Nothing in the data may be altered as it is transcribed.

Information supplied:
____________
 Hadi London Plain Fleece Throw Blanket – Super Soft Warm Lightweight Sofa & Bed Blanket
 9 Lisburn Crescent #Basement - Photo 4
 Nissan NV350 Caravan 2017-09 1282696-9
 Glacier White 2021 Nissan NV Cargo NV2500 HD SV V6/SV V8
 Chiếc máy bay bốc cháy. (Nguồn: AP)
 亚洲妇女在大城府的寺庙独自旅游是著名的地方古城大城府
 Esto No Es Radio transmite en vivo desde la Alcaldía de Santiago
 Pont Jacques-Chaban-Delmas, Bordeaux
____________
Result:
 Hadi London Plain Fleece Throw Blanket – Super Soft Warm Lightweight Sofa & Bed Blanket
 9 Lisburn Crescent #Basement - Photo 4
 Nissan NV350 Caravan 2017-09 1282696-9
 Glacier White 2021 Nissan NV Cargo NV2500 HD SV V6/SV V8
 Chiếc máy bay bốc cháy. (Nguồn: AP)
 亚洲妇女在大城府的寺庙独自旅游是著名的地方古城大城府
 Esto No Es Radio transmite en vivo desde la Alcaldía de Santiago
 Pont Jacques-Chaban-Delmas, Bordeaux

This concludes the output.